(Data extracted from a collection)
■ ■ ■
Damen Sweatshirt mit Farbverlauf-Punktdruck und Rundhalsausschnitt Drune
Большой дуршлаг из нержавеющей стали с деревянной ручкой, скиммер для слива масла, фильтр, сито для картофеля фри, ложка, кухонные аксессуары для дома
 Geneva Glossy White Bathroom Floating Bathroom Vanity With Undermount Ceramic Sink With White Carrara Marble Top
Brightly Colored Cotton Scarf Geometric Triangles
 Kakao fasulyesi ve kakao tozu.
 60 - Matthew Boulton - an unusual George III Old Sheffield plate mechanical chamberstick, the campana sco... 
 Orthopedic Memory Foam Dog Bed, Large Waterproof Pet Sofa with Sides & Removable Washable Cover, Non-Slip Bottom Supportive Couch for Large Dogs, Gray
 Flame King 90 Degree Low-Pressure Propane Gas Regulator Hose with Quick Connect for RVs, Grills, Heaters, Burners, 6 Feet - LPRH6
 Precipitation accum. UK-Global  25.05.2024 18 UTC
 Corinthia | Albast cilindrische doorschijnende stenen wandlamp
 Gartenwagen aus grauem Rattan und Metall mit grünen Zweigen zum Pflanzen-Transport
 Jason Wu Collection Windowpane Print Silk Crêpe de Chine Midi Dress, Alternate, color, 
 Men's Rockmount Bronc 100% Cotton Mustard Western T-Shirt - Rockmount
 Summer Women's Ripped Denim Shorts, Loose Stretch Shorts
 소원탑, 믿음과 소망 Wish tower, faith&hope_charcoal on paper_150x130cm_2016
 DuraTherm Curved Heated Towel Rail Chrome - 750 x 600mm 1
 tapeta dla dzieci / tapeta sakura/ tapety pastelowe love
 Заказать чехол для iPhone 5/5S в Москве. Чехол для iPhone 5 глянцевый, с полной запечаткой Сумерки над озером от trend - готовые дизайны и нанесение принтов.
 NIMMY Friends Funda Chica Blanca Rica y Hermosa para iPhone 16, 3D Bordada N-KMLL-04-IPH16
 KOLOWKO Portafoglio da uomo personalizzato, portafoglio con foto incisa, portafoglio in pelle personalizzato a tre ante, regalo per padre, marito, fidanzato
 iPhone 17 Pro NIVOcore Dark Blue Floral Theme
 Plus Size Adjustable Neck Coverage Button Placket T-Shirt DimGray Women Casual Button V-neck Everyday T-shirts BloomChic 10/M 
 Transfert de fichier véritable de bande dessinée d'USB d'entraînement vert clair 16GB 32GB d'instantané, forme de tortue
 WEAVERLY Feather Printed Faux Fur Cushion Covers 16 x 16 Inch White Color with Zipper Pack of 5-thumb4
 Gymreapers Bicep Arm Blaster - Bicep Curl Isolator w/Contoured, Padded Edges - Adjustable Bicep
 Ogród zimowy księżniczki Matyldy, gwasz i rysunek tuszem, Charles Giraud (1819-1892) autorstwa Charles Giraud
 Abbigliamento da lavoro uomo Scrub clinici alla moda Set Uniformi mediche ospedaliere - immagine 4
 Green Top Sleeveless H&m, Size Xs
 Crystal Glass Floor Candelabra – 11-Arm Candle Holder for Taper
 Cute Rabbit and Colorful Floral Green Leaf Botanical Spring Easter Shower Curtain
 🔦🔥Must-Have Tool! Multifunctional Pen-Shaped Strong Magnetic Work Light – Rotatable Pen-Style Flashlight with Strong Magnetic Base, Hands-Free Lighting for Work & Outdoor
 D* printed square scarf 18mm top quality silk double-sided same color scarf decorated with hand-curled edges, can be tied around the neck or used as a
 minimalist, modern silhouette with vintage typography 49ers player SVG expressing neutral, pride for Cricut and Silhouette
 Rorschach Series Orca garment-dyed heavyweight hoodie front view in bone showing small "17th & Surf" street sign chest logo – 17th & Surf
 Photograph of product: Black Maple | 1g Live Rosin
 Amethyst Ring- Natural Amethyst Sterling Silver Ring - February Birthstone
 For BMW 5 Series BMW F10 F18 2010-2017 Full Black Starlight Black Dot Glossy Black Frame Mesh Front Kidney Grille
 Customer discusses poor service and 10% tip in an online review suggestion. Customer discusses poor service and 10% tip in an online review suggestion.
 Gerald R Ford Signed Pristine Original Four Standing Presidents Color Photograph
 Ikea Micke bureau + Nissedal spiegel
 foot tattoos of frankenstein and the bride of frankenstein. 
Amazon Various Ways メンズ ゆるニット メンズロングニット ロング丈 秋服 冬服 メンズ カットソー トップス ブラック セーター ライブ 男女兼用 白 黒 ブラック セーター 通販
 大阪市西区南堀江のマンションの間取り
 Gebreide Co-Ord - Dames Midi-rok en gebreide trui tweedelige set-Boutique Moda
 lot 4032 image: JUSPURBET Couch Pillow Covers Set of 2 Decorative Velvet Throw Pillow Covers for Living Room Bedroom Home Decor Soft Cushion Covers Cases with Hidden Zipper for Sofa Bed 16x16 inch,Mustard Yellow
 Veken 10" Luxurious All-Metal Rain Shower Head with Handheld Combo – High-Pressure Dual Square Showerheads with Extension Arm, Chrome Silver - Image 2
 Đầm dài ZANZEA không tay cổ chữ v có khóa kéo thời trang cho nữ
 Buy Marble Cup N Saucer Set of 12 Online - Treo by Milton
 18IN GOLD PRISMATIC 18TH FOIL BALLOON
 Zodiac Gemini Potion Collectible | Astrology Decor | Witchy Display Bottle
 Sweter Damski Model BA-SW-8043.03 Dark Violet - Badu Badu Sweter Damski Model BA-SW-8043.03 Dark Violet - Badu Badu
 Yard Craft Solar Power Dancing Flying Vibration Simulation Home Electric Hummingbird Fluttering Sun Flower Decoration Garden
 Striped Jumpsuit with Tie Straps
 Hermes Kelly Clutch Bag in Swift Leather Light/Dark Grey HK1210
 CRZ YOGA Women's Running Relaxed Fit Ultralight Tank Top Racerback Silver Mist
■ ■ ■
--- Task description ---
Print all the records exactly as written.

--- Expected output ---
Damen Sweatshirt mit Farbverlauf-Punktdruck und Rundhalsausschnitt Drune
Большой дуршлаг из нержавеющей стали с деревянной ручкой, скиммер для слива масла, фильтр, сито для картофеля фри, ложка, кухонные аксессуары для дома
 Geneva Glossy White Bathroom Floating Bathroom Vanity With Undermount Ceramic Sink With White Carrara Marble Top
Brightly Colored Cotton Scarf Geometric Triangles
 Kakao fasulyesi ve kakao tozu.
 60 - Matthew Boulton - an unusual George III Old Sheffield plate mechanical chamberstick, the campana sco... 
 Orthopedic Memory Foam Dog Bed, Large Waterproof Pet Sofa with Sides & Removable Washable Cover, Non-Slip Bottom Supportive Couch for Large Dogs, Gray
 Flame King 90 Degree Low-Pressure Propane Gas Regulator Hose with Quick Connect for RVs, Grills, Heaters, Burners, 6 Feet - LPRH6
 Precipitation accum. UK-Global  25.05.2024 18 UTC
 Corinthia | Albast cilindrische doorschijnende stenen wandlamp
 Gartenwagen aus grauem Rattan und Metall mit grünen Zweigen zum Pflanzen-Transport
 Jason Wu Collection Windowpane Print Silk Crêpe de Chine Midi Dress, Alternate, color, 
 Men's Rockmount Bronc 100% Cotton Mustard Western T-Shirt - Rockmount
 Summer Women's Ripped Denim Shorts, Loose Stretch Shorts
 소원탑, 믿음과 소망 Wish tower, faith&hope_charcoal on paper_150x130cm_2016
 DuraTherm Curved Heated Towel Rail Chrome - 750 x 600mm 1
 tapeta dla dzieci / tapeta sakura/ tapety pastelowe love
 Заказать чехол для iPhone 5/5S в Москве. Чехол для iPhone 5 глянцевый, с полной запечаткой Сумерки над озером от trend - готовые дизайны и нанесение принтов.
 NIMMY Friends Funda Chica Blanca Rica y Hermosa para iPhone 16, 3D Bordada N-KMLL-04-IPH16
 KOLOWKO Portafoglio da uomo personalizzato, portafoglio con foto incisa, portafoglio in pelle personalizzato a tre ante, regalo per padre, marito, fidanzato
 iPhone 17 Pro NIVOcore Dark Blue Floral Theme
 Plus Size Adjustable Neck Coverage Button Placket T-Shirt DimGray Women Casual Button V-neck Everyday T-shirts BloomChic 10/M 
 Transfert de fichier véritable de bande dessinée d'USB d'entraînement vert clair 16GB 32GB d'instantané, forme de tortue
 WEAVERLY Feather Printed Faux Fur Cushion Covers 16 x 16 Inch White Color with Zipper Pack of 5-thumb4
 Gymreapers Bicep Arm Blaster - Bicep Curl Isolator w/Contoured, Padded Edges - Adjustable Bicep
 Ogród zimowy księżniczki Matyldy, gwasz i rysunek tuszem, Charles Giraud (1819-1892) autorstwa Charles Giraud
 Abbigliamento da lavoro uomo Scrub clinici alla moda Set Uniformi mediche ospedaliere - immagine 4
 Green Top Sleeveless H&m, Size Xs
 Crystal Glass Floor Candelabra – 11-Arm Candle Holder for Taper
 Cute Rabbit and Colorful Floral Green Leaf Botanical Spring Easter Shower Curtain
 🔦🔥Must-Have Tool! Multifunctional Pen-Shaped Strong Magnetic Work Light – Rotatable Pen-Style Flashlight with Strong Magnetic Base, Hands-Free Lighting for Work & Outdoor
 D* printed square scarf 18mm top quality silk double-sided same color scarf decorated with hand-curled edges, can be tied around the neck or used as a
 minimalist, modern silhouette with vintage typography 49ers player SVG expressing neutral, pride for Cricut and Silhouette
 Rorschach Series Orca garment-dyed heavyweight hoodie front view in bone showing small "17th & Surf" street sign chest logo – 17th & Surf
 Photograph of product: Black Maple | 1g Live Rosin
 Amethyst Ring- Natural Amethyst Sterling Silver Ring - February Birthstone
 For BMW 5 Series BMW F10 F18 2010-2017 Full Black Starlight Black Dot Glossy Black Frame Mesh Front Kidney Grille
 Customer discusses poor service and 10% tip in an online review suggestion. Customer discusses poor service and 10% tip in an online review suggestion.
 Gerald R Ford Signed Pristine Original Four Standing Presidents Color Photograph
 Ikea Micke bureau + Nissedal spiegel
 foot tattoos of frankenstein and the bride of frankenstein. 
Amazon Various Ways メンズ ゆるニット メンズロングニット ロング丈 秋服 冬服 メンズ カットソー トップス ブラック セーター ライブ 男女兼用 白 黒 ブラック セーター 通販
 大阪市西区南堀江のマンションの間取り
 Gebreide Co-Ord - Dames Midi-rok en gebreide trui tweedelige set-Boutique Moda
 lot 4032 image: JUSPURBET Couch Pillow Covers Set of 2 Decorative Velvet Throw Pillow Covers for Living Room Bedroom Home Decor Soft Cushion Covers Cases with Hidden Zipper for Sofa Bed 16x16 inch,Mustard Yellow
 Veken 10" Luxurious All-Metal Rain Shower Head with Handheld Combo – High-Pressure Dual Square Showerheads with Extension Arm, Chrome Silver - Image 2
 Đầm dài ZANZEA không tay cổ chữ v có khóa kéo thời trang cho nữ
 Buy Marble Cup N Saucer Set of 12 Online - Treo by Milton
 18IN GOLD PRISMATIC 18TH FOIL BALLOON
 Zodiac Gemini Potion Collectible | Astrology Decor | Witchy Display Bottle
 Sweter Damski Model BA-SW-8043.03 Dark Violet - Badu Badu Sweter Damski Model BA-SW-8043.03 Dark Violet - Badu Badu
 Yard Craft Solar Power Dancing Flying Vibration Simulation Home Electric Hummingbird Fluttering Sun Flower Decoration Garden
 Striped Jumpsuit with Tie Straps
 Hermes Kelly Clutch Bag in Swift Leather Light/Dark Grey HK1210
 CRZ YOGA Women's Running Relaxed Fit Ultralight Tank Top Racerback Silver Mist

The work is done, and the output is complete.